Smith fostered the growth of the nascent commercial space industry through deregulation, with the construction of the Mojave Air & Space Port and 2004 flight of SpaceShipOne occurring under her tenure. According to Elon Musk, Smith "helped lay the foundations for a new era in American spaceflight.”

The fellowship was founded by NASA Astronaut B. Alvin Drew, Virgin Galactic engineer Khristian Jones, NASA Marshall Space Flight Center lead engineer Tiffany R. Lockett, and Virgin Orbit Vice President William Pomerantz in 2020. It is closely modeled after the successful Brooke Owens Fellowship.

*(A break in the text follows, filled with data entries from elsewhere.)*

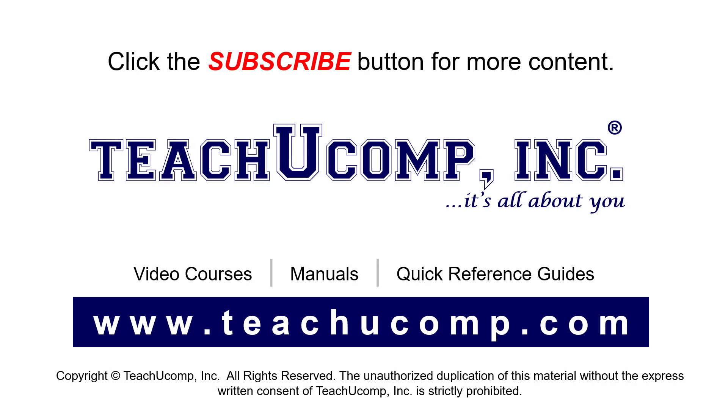Remember to click the Subscribe button to see more of our videos. See our full suite of courses, instruction manuals, and quick reference guides at www.teachucomp.com.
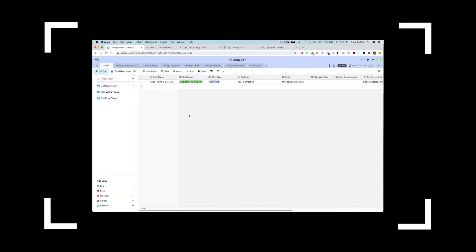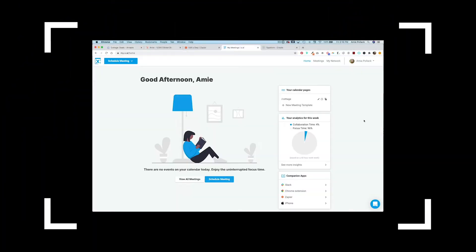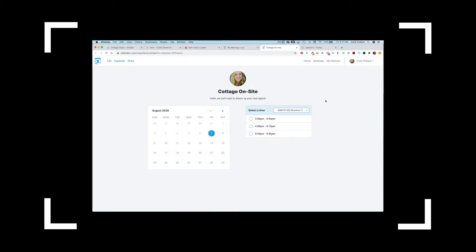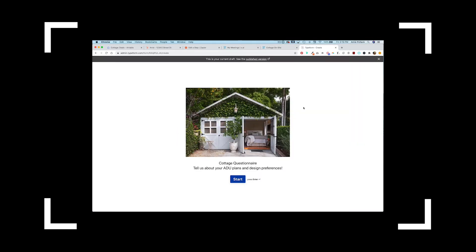One of the challenges faced in multi-party projects is managing and coordinating meetings with clients and contractors. We use X.AI's intuitive scheduling functionality that integrates with HubSpot and Airtable to solve this.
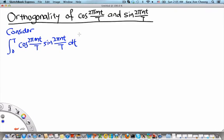Welcome to the MH2801 video segment on the orthogonality between cos(2π mt/T) and sin(2π nt/T).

The program offers students their first paid summer internship at top space companies (including SpaceX, Blue Origin, Virgin Galactic, etc.), travel stipends, and mentorship from notable Black aerospace leaders, including former NASA administrators, astronauts, academics, and company executives. Fellows are also paired with peer mentors and are flown out to the annual summit in Washington, D.C. to network and meet industry leaders.

== Alumni ==
As of 2026, the Patti Grace Smith Fellowship has 200 alumni across six cohorts hailing from 40+ different universities, including Ivy League colleges, HBCUs, community colleges, and major public and private universities.

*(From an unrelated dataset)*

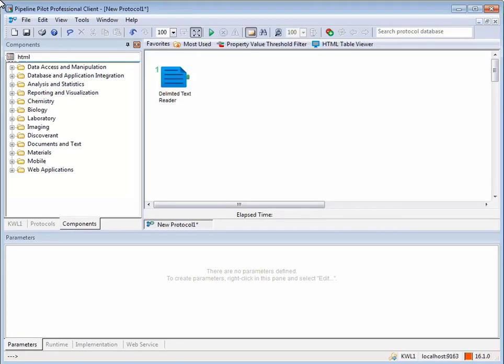Users run Pipeline Pilot to create, edit, and view protocols on their local client machines.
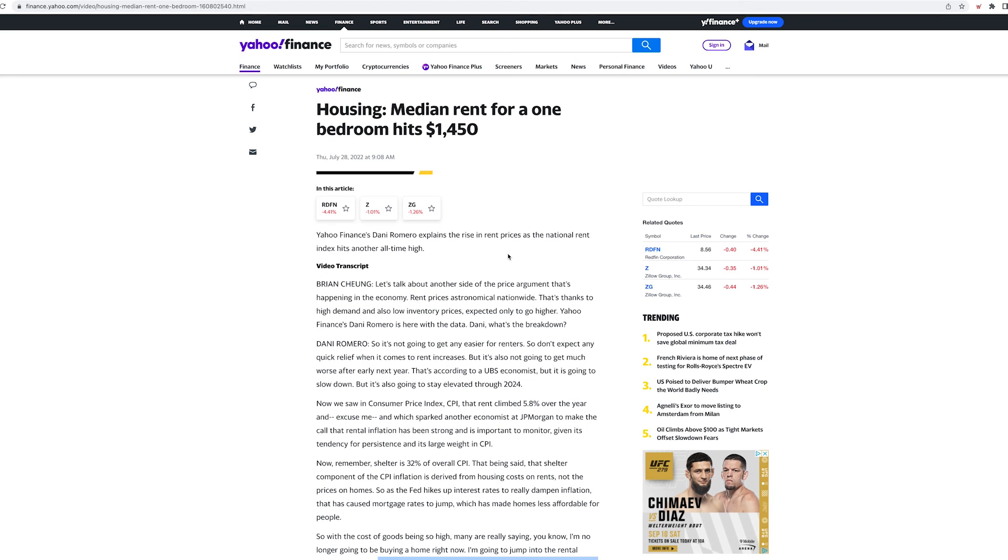Now with that said, what do you guys think? How much is rent in your area? Has it gone up? Has it been going down? Is it getting better? Please comment down below.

Each year, over a hundred students from around the United States apply. Cohort sizes range from year to year but approximately 20-40 students are selected through a holistic evaluation of merit, passion for aerospace, and community involvement. This is done primarily by means of interviews and essay responses, with academic achievement and volunteer activities also weighted. Finalists are matched with host companies who independently conduct interviews and award offers.